I thought you’d like those, the auction staffer said, a big smile on his face. He was feeling this mother lode of age-stained songbooks that lay on the table in front of me. I had just approached them and wasn’t sure what they contained.

Three of the songbooks with tan paper covers were titled “Rodeheaver’s Negro Spirituals.” Seeing them, I instantly knew why he had thought of me. I’m always on the lookout to anything pertaining to African American history and culture at auction.

A grouping of the songbooks of gospel sheet music sold at auction.

The songbooks were fragile, the pages so brittle that every time I touched one, small pieces dropped from it. The covers had separated from the spines on several. I’m sure the owner had not handled them in decades.

As I flipped through them, I saw that they were not all spiritual but very close. Most were books of gospel sheet music produced by black and white-owned publishing companies :

The first inside pages of a Martin & Morris songbook.

Martin & Morris Music Studios, Chicago.

The (Roberta) Martin Studio of Music, Chicago.

Theodore R. Frye Publishers, Chicago.

Johnnie Howard Franklin, St. Louis.

Battle & Odom Music Agency, Washington, DC.

Bowles Music House, Chicago.

Rodeheaver-Hall Mack Co., Indiana.

Many of the people who wrote or arranged songs published in the books had dedicated them to a husband, a wife, a father, a mother, a church or even a choir director. “Dedicated to our mother Mrs. Eva Madison, National Gospel Singer,” wrote a brother and sister who were credited with the song “You’ve Got to Be Humble” in a Martin & Morris songbook.

A notation for a song dedicated by the composers to their mother, a gospel singer.

I learned from my research that the black publishing companies sought out composers to write music that they could sell to church gospel choirs in an industry that was only beginning to take root during the 1930s. Chicago became the center of gospel-music publishing and home to some of the largest houses, including the Dorsey House of Music owned by Thomas A. Dorsey, Martin & Morris owned by Kenneth Morris and Sallie Martin, and Bowles owned by Lillian M. Bowles.

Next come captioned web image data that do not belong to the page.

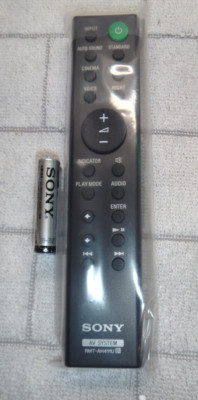 GENUINE Sony Remote Control RMT-AH411U + BATTERIES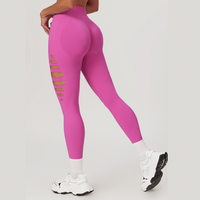 Unique Stylish Hollow Sexy Legging - Pink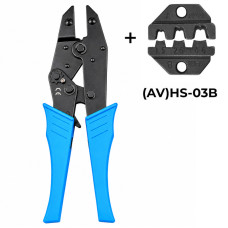 (AV)HS-03B 1,5-6 мм.кв 16-10 AWG Комплект обтискного інструменту [AHS-03B-k] (кримпер) TACTIX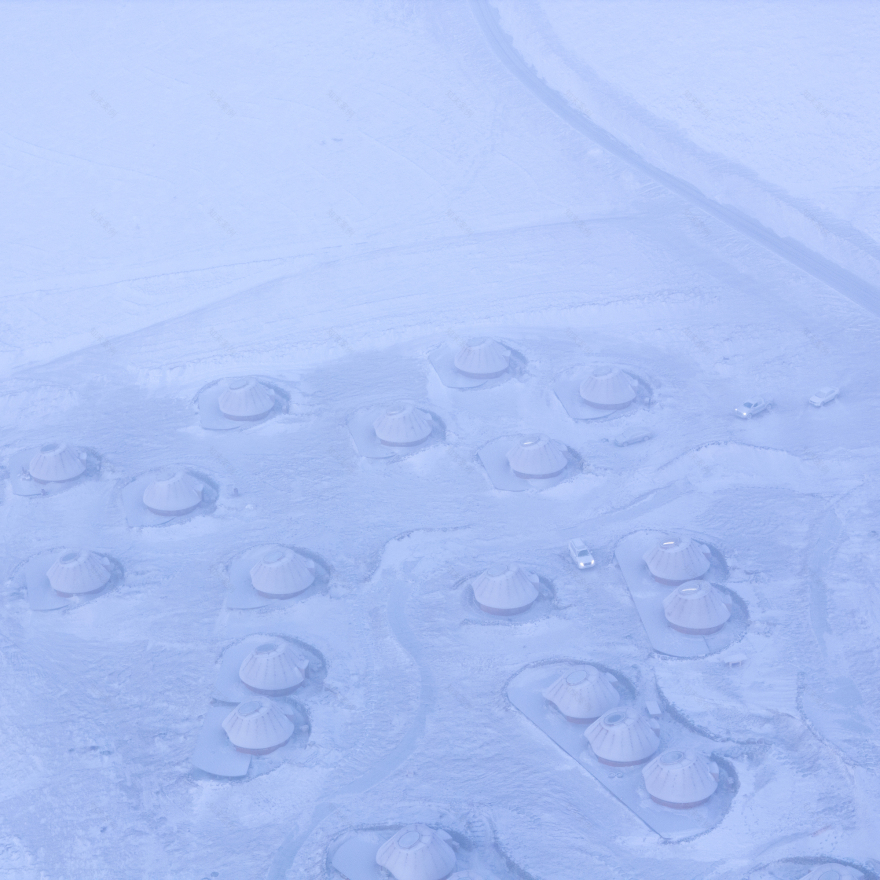 抵达大厅酒店内的火山丨中国锡林郭勒丨PLAT ASIA-50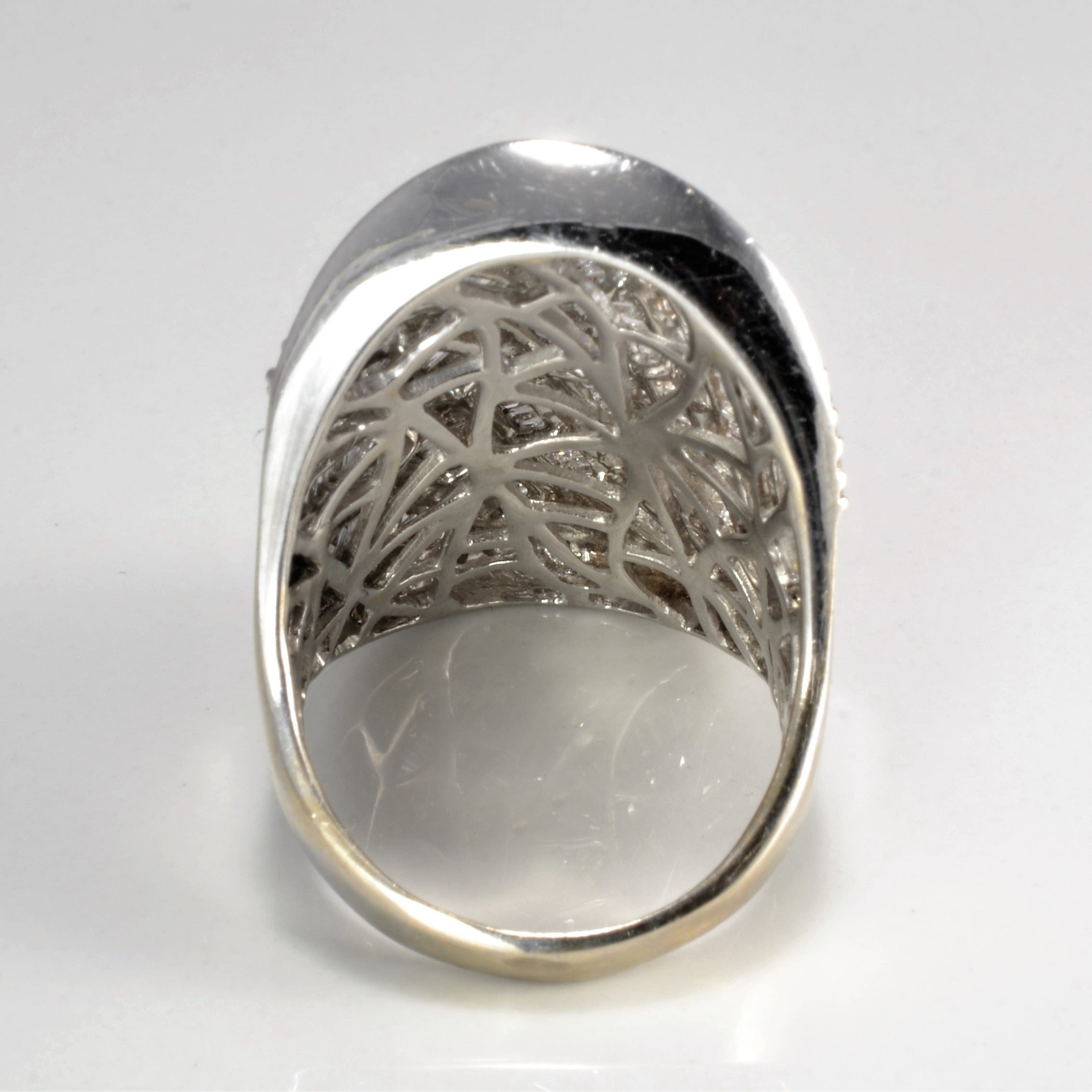 Cluster Set Multi- Diamond Heavy Ring | 3.00 ctw, SZ 8 |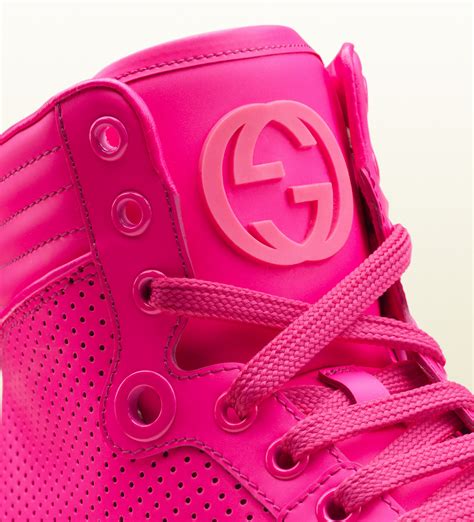 gucci neon pink shoes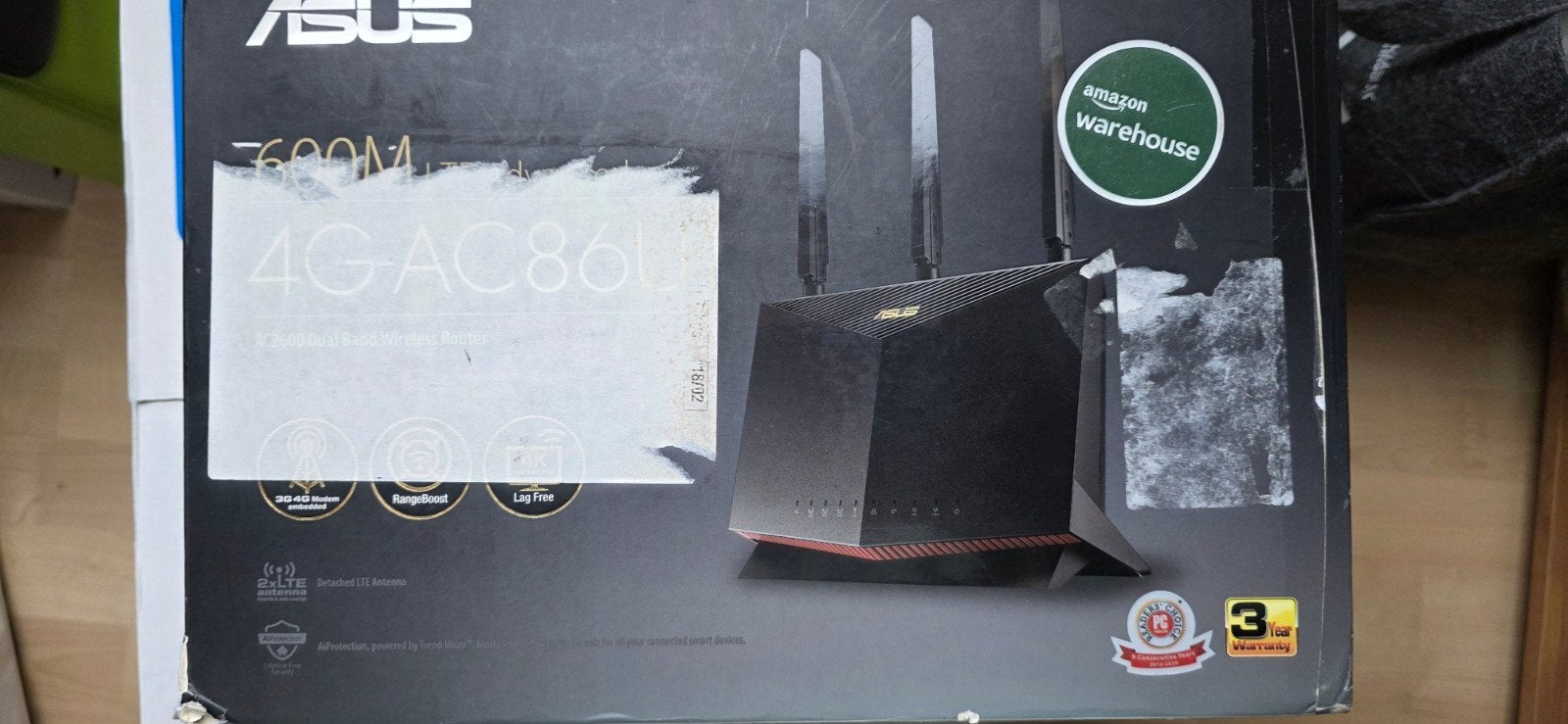 ASUS 4G-AC86U AC2600 Dual Band Gigabit 4G LTE Router, Ophalen, Zo goed als nieuw, Router, ASUS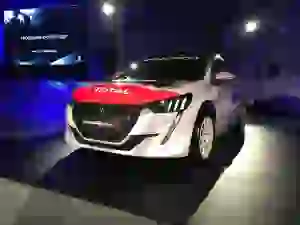 Peugeot 208 Rally 4 2020 - Presentazione Milano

The publishing fever began with Dorsey, the man who wrote one of the most amazing gospel songs of all time – “Precious Lord, Take My Hand” – pulling this sorrowful tune out of the pain he was experiencing in 1932 after the death of his wife and son in childbirth.

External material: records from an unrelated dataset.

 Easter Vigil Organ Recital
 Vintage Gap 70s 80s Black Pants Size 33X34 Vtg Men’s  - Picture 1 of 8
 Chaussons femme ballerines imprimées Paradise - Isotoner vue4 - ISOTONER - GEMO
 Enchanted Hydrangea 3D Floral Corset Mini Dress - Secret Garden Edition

Dorsey was both exasperated and dissatisfied with how he was treated by mainstream publishing companies and the lackluster way they were distributing his music. In 1932, he established his own company to sell both his music and that of other gospel singers. He was a founder of the National Convention of Gospel Choirs and Choruses (NCGCC), which held sessions each year to teach choirs how to sing gospel music.

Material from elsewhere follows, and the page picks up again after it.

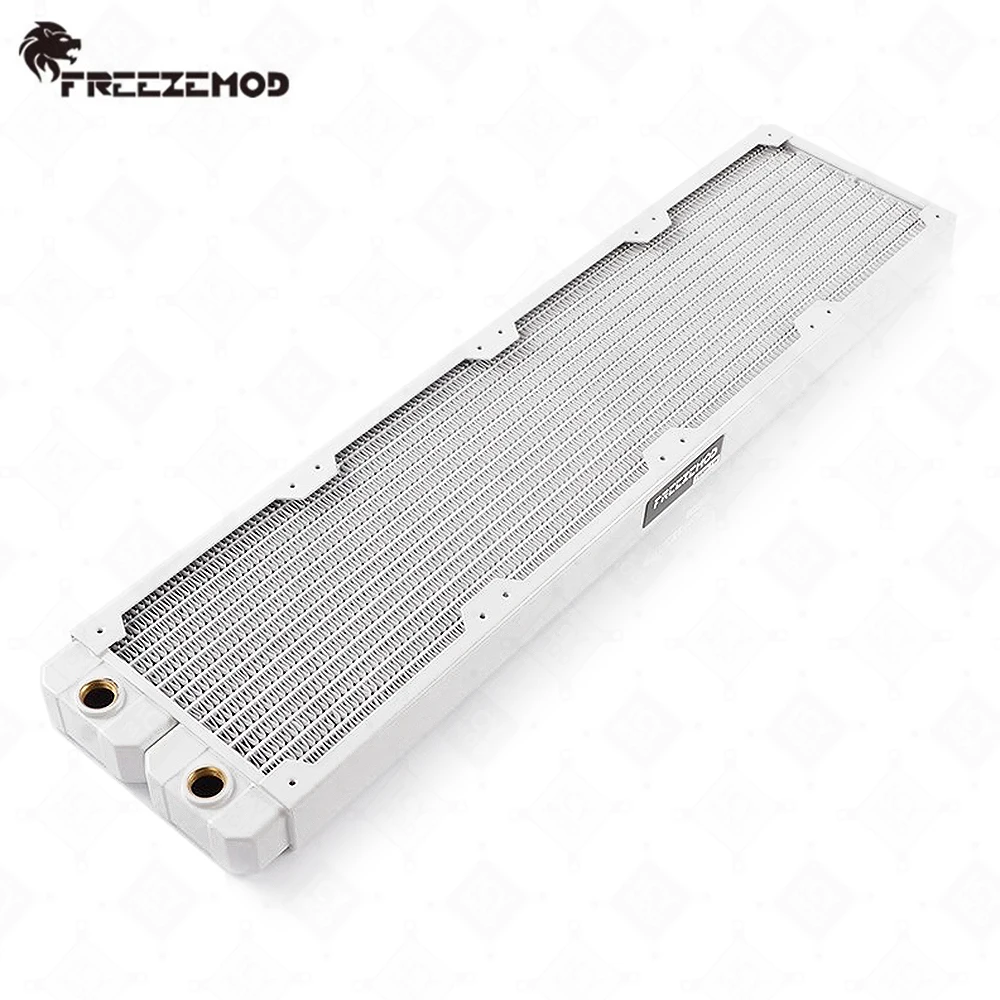 Zemod-radiador de Cobre Branco 480 mm g1 Roscas Refrigerador de Água do pc Refrigeração Líquida Ventilador de 12cm Tsrp-tw-white480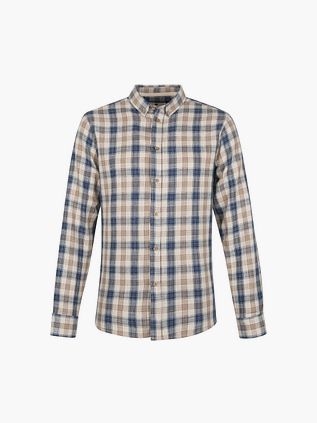 Anerkjendt Skjorte Konrad Rutet Blå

Two books from publishing houses outside Chicago, in St. Louis and Washington, DC.

Born in Georgia, he had moved to Chicago as part of the Great Migration in 1919, and brought with him the jazz and blues of his southern origins and interspersed them with sacred music. In the 1930s, he helped organize with Theodore R. Frye the first gospel choir, a concept that spread to other churches in the city and ultimately the country.

With his publishing company, Dorsey – considered the father of black gospel music – had started a movement. Many gospel composers in Chicago followed his lead, but the craze was not confined to that city. I found mention of black gospel publishing houses in Philadelphia; Gary, IN, and Pittsburgh, PA, and I’m sure there were others.

Here’s a sampling of what I found out about some of the houses, whose songbooks I bought at the auction:

Martin & Morris

Kenneth Morris and Sally Martin opened their publishing house in 1940 and it outlasted all of the rest, dissolving in the 1990s. Morris arranged and composed most of the music (he wrote 300 songs, including “Just a Closer Walk with Thee,” an early version of which he had overheard a train porter singing), while Martin spent her time promoting the company. Their catalog of songs is housed in the Harold Washington Library Center in Chicago.

Sheet music by James Cleveland and sung by the Roberta Martin Singers.

Martin’s Studio of Music

Roberta Martin was a singer, pianist, composer, and arranger who formed the Roberta Martin Singers, which at one point included Dinah Washington and Della Reese. She founded her music company in 1939, focusing on her own songs and those of James Cleveland, Dorothy Norwood and others through the years. The lot of songbooks at auction included sheet music for a song titled “Nothing But A God” written by Cleveland, arranged by Martin and sung by the Roberta Martin Singers.

These songbooks by Theodore R. Frye are delicate and the pages brittle.

Theodore R. Frye

Theodore R. Frye was a singer who was said to be able to move a congregation with his baritone voice. Also a composer, he started his publishing house in 1948 and was a co-founder of the NCGCC with Dorsey and others. He worked with Mahalia Jackson during the 1940s.

Homer Rodeheaver was a white publisher. Kenneth Morris worked for Bowles’ company for about six years transcribing music before starting his own.

Songbooks by publishers Homer Rodeheaver and Lillian M. Bowles.